Uptime Guarantees Don't Apply When You Turn A Machine Off, Then On Again, To 'fix' It
On Call With another working week almost behind us, The Register has found another tale to tell in our On-Call column – the home of reader-contributed stories of thankless tech support tasks.
This week meet "Rod" who, in the late 1990s, found himself in a new country, seeking a new job.
Rod had dabbled with computers in the past without ever working in the trade. But his dabbling was at a high level: he built a Linux PC back when Slackware came on floppy disks.
That skill saw Rod offered a position at a small, remote, outpost of a major PC-maker's helpdesk.
We rebooted the system … it has lost all configuration and data
Rod was good at the job and quite liked it. He was unusual in that regard, as attrition was very high. The vendor paying meagre wages – when it remembered to pay them at all – had a bit to do with the rate of staff turnover.
He stuck around, and when the vendor started to move out of mere PCs and into proper tech like servers and storage, he was asked to join the support team.
"I was trained with the first group of support agents, then attrition made me last man standing of the cohort," Rod told On-Call. "Next, I kind of automatically became one of the trainers, and soon the only trainer for servers and SANs."
"With these promotions, my salary quickly rose to nearly double the company entry level; and with attrition still rife, it looked like I was set for life – not moving anywhere soon."
A few years later, the company introduced a flagship storage product that was bigger, better, faster – and sold with a 99.999 percent uptime guarantee. The service plan bundled with the product promised that any failure would be met by the instant intervention of a crack support squad that could recite the machine's source code backwards while wrestling a crocodile underwater.
By then, Rod had trained many fellow support agents on the product. But – staff attrition being what it was – he was the only person on staff in his region who had spent a lot of time with and really understood the storage box.
Which is why the first SEV-1 call to Rod's team did not go down well.
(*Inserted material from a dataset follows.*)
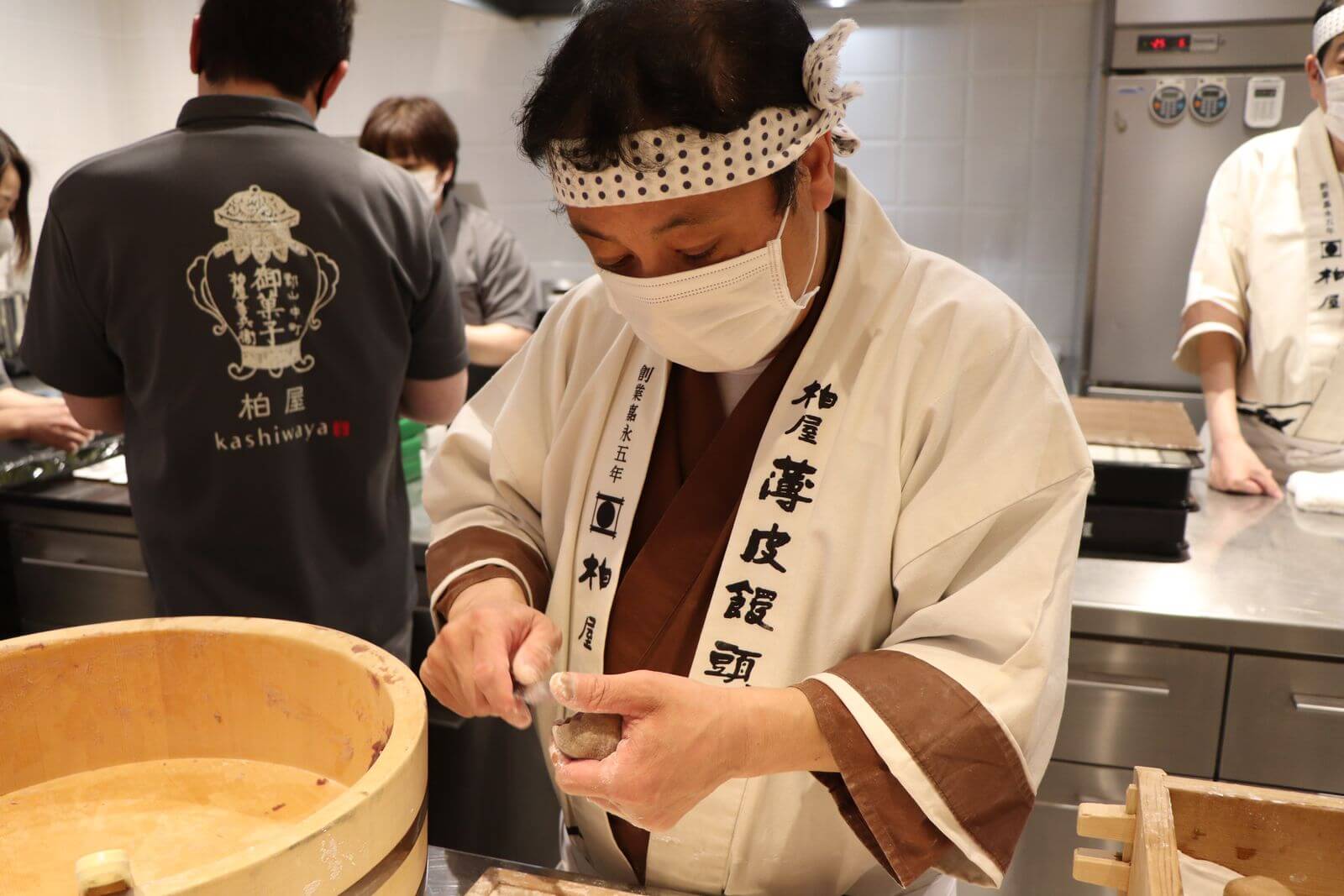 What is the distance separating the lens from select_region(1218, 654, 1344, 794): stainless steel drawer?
179 cm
"I had just gotten up from my desk to wander over to the training room across a very large open plan office space, when I noticed something was amiss," Rod told On-Call. "A person had stood up, a second followed, a third, and more, all facing, then pointing to the same unfortunate support agent, who was looking very pale, possibly sick. Before I reached the desk whispers had reached me 'A customer's storage system is in trouble. And it's one of those systems we promise will never go down!'"
Rod's team all but begged him to take the call. So he commandeered a PC, donned a headset, and started talking to the customer.
"You appear to have a major problem at hand, sorry to hear, can you tell me happened?" Rod opened, using a tactic of displaying empathy for the customer.
"Yes, we rebooted the system, and it complains it has lost all configuration and data," was the reply.
Which left Rod trying to fix a device that was sold with an uptime guarantee, and a customer who had deliberately caused downtime!
Or was it the customer? Training tech support people had taught Rod it is better to ask why something happened than who made it happen.
Rod therefore asked why the machine had been turned off, and was told an outsourced chap did the deed in order to solve a server problem.
Rod explained that machines designed to achieve 99.999 percent uptime were not designed to be turned off and turned on again. Indeed, such boxes are not really designed to be turned off at all – their reboot processes can be rather elaborate.
"The rest was plain sailing," Rod recalled. His employer could not be blamed, and Rod's thinly skilled team was off the hook. He duly guided the customer through the correct startup sequence, restored the storage box and the servers that relied on it, squaring away a SEV-1 incident in minutes.
"I was quite satisfied and proud it all went so smoothly," Rod told On-Call. "The customer who called in was totally happy, appropriately grateful, and relieved to be off the hook. The colleague whose day I had just saved was ecstatic. Even direct managers expressed their appreciation – which they did not do very often – because we had solved our first SEV-1 within minutes!"
But there's a sting in this tale. Rod and his team were informed that the problem was not handled correctly – they had not immediately despatched a crocodile-wrestling engineer before commencing troubleshooting.
Rod's team was, therefore, relieved of storage support duties.
- Errors logged as 'nut loose on the keyboard' were – ahem – not a hardware problem
- Techie fired for inventing an acronym – and accidentally applying it to the boss
- Duelling techies debugged printer by testing the strength of electric shocks
- Service desk tech saved consultancy Capita from VPN meltdown, got a smack for it
In his missive to On-Call, Rod suggested weird internal politics was to blame for that shift.
"My manager stood by me. I was not hung out to dry for that single 'breach of protocol' and proceeded to deliver training on everything but storage to hordes of new hires, ad infinitum," Rod wrote.
Rod stuck in the job long enough for the wheel to turn: a re-org or two later he was again asked to take on storage support, trained another group of colleagues, and watched them leave with the skills he had imparted on their CVs.